The builtin function numpy.digitize can actually do exactly what you need. Only a small trick is required: digitize assigns values to bins. We can convert k to bins by sorting the array and setting the bin borders exactly in the middle between adjacent elements.

import numpy as np

A = np.asarray([3, 4, 5, 6])
k = np.asarray([4.1, 3, 1])  # added another value to show that sorting/binning works

ki = np.argsort(k)
ks = k[ki]

i = np.digitize(A, (ks[:-1] + ks[1:]) / 2)

indices = ki[i]
values = ks[i]

print(values, indices)
# [ 3.   4.1  4.1  4.1] [1 0 0 0]

Old answer:

I would take a brute-force approach to perform one vectorized pass over A for each element in k and update those locations where the current element improves the approximation.

import numpy as np

A = np.asarray([3, 4, 5, 6])
k = np.asarray([4.1, 3])

err = np.zeros_like(A) + np.inf  # keep track of error over passes

values = np.empty_like(A, dtype=k.dtype)
indices = np.empty_like(A, dtype=int)

for i, v in enumerate(k):
    d = np.abs(A - v)
    mask = d < err  # only update where v is closer to A
    values[mask] = v
    indices[mask] = i
    err[mask] = d[mask]

print(values, indices)
# [ 3.   4.1  4.1  4.1] [1 0 0 0]

This approach requires three temporary variables of same size as A, so it will fail if not enough memory is available.

MB-F
  • 22,770
  • 4
  • 61
  • 116
  • Thanks for your answer! The brute force solution is unfortunately way too slow. np.digitize is a good idea but I don't think is any different from np.searchsorted, right? We have slightly different interfaces but it will run at similar speeds. Most likely the only way to improve this is use the fact that the matrix A never changes, only k does; so pre-process A somehow and bring it in a format for which it is easier to perform the necessary computations – Ant Oct 12 '17 at 18:39
  • @Ant I think you are right. I am not familiar with `searchsorted`, so this similarity somehow went unnoticed by me. However, it may be worth giving `digitize` a try anyway.

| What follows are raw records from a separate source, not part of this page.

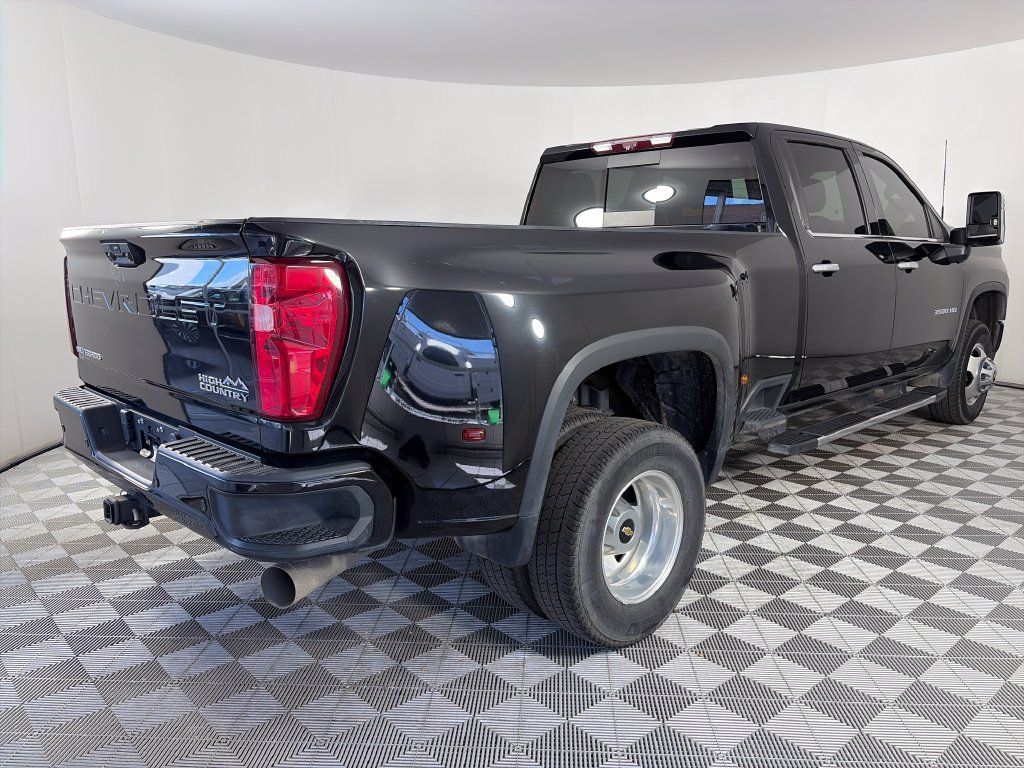 Used 2022 Chevrolet Silverado 3500 High Country AWD/4WD image 7
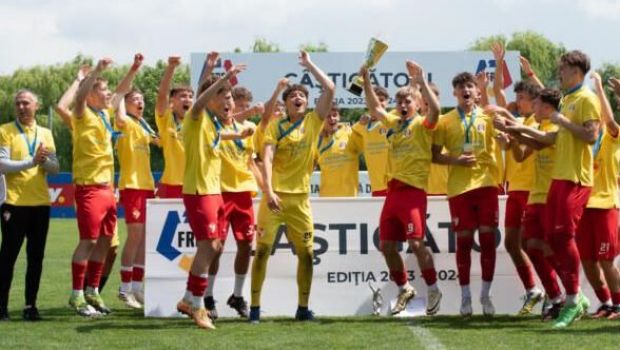 
	Renaște fotbalul în Bacău! FC Bacău a devenit campioană națională la Under 17 după 4-0 în finală
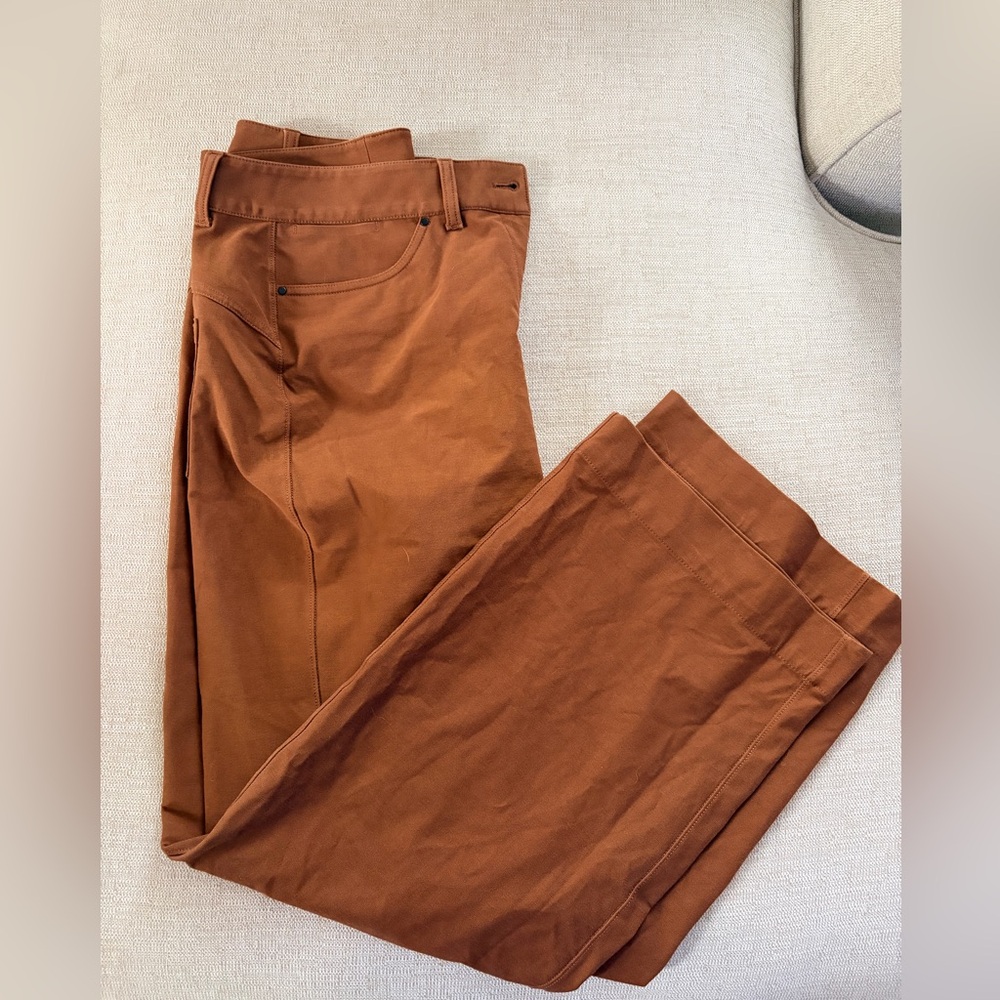 Lululemon city sleek wide leg pants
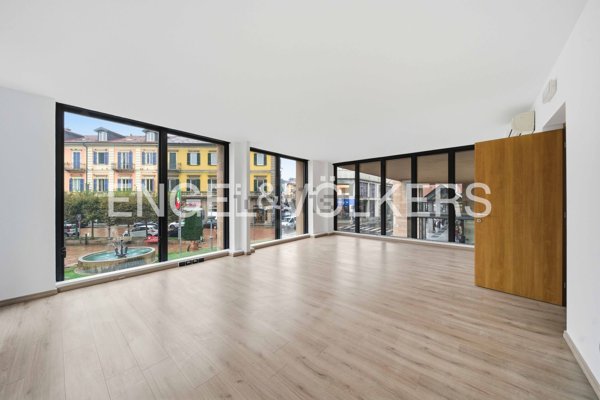 ufficio in affitto a Varese in zona Biumo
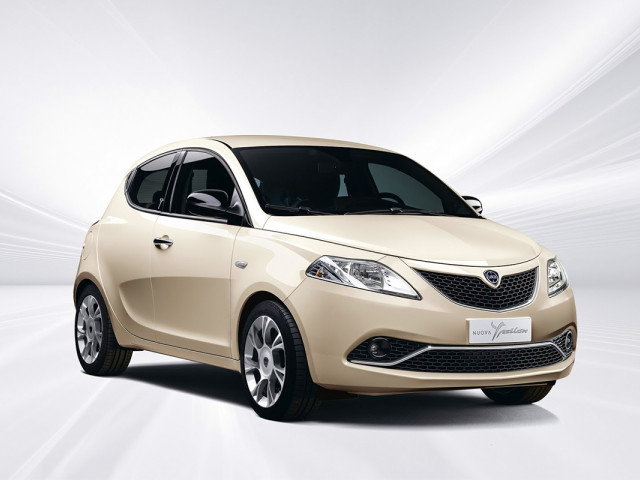 Ресталийнговый хэтч Lancia Ypsilon покажут 15 сентября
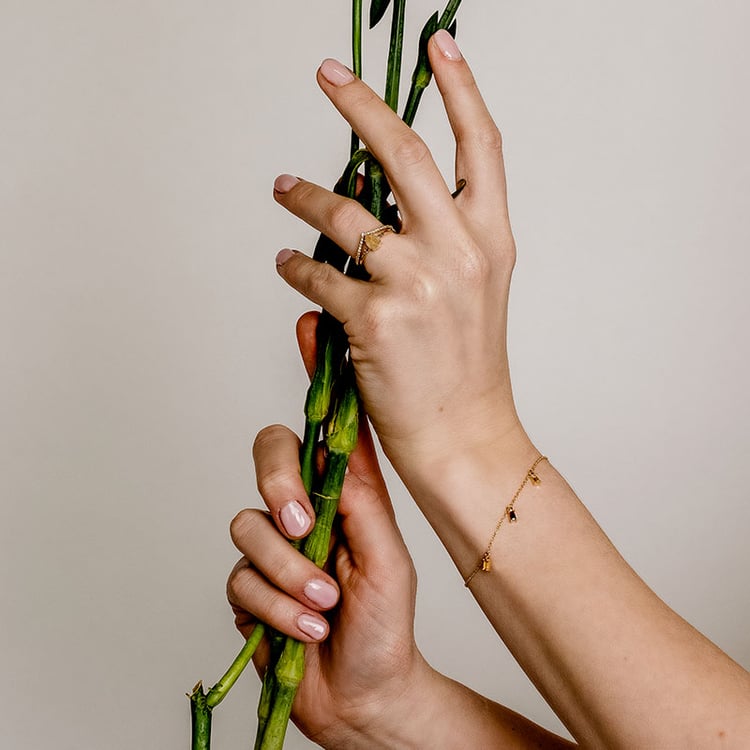 Ring mit rosa Salt and Pepper Diamanten Omiros 97071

Sometimes very similar numpy functions show surprising differences in performance. – MB-F Oct 12 '17 at 18:47
2

So, after some work and an idea from the scipy mailing list, I think that in my case (with a constant A and slowly varying k), the best way to do this is to use the following implementation.

class SearchSorted:
    def __init__(self, tensor, use_k_optimization=True):

        '''
        use_k_optimization requires storing 4x the size of the tensor.
        If use_k_optimization is True, the class will assume that successive calls will be made with similar k.
        When this happens, we can cut the running time significantly by storing additional variables. If it won't be
        called with successive k, set the flag to False, as otherwise would just consume more memory for no
        good reason
        '''

        self.indices_sort = np.argsort(tensor)
        self.sorted_tensor = tensor[self.indices_sort]
        self.inv_indices_sort = np.argsort(self.indices_sort)
        self.use_k_optimization = use_k_optimization

        self.previous_indices_results = None
        self.prev_idx_A_k_pair = None

    def query(self, k):
        midpoints = k[:-1] + np.diff(k) / 2
        idx_count = np.searchsorted(self.sorted_tensor, midpoints)
        idx_A_k_pair = []
        count = 0

        old_obj = 0
        for obj in idx_count:
            if obj != old_obj:
                idx_A_k_pair.append((obj, count))
                old_obj = obj
            count += 1

        if not self.use_k_optimization or self.previous_indices_results is None:
            #creates the index matrix in the sorted case
            final_indices = self._create_indices_matrix(idx_A_k_pair, self.sorted_tensor.shape, len(k))
            #and now unsort it to match the original tensor position
            indicesClosest = final_indices[self.inv_indices_sort]
            if self.use_k_optimization:
                self.prev_idx_A_k_pair = idx_A_k_pair
                self.previous_indices_results = indicesClosest
            return indicesClosest

        old_indices_unsorted = self._create_indices_matrix(self.prev_idx_A_k_pair, self.sorted_tensor.shape, len(k))
        new_indices_unsorted = self._create_indices_matrix(idx_A_k_pair, self.sorted_tensor.shape, len(k))
        mask = new_indices_unsorted != old_indices_unsorted

        self.prev_idx_A_k_pair = idx_A_k_pair
        self.previous_indices_results[self.indices_sort[mask]] = new_indices_unsorted[mask]
        indicesClosest = self.previous_indices_results

        return indicesClosest

    @staticmethod
    def _create_indices_matrix(idx_A_k_pair, matrix_shape, len_quant_points):
        old_idx = 0
        final_indices = np.zeros(matrix_shape, dtype=int)
        for idx_A, idx_k in idx_A_k_pair:
            final_indices[old_idx:idx_A] = idx_k
            old_idx = idx_A
        final_indices[old_idx:] = len_quant_points - 1
        return final_indices

The idea is to sort the array A beforehand, then use searchsorted of A on the midpoints of k. This gives the same information as before, in that it tells us exactly which points of A are closer to which points of k. The method _create_indices_matrix will create the full indices array from these informations, and then we will unsort it to recover the original order of A. To take advantage of slowly varying k, we save the last indices and we determine which indices we have to change; we then change only those. For slowly varying k, this produces superior performance (at a quite bigger memory cost, however).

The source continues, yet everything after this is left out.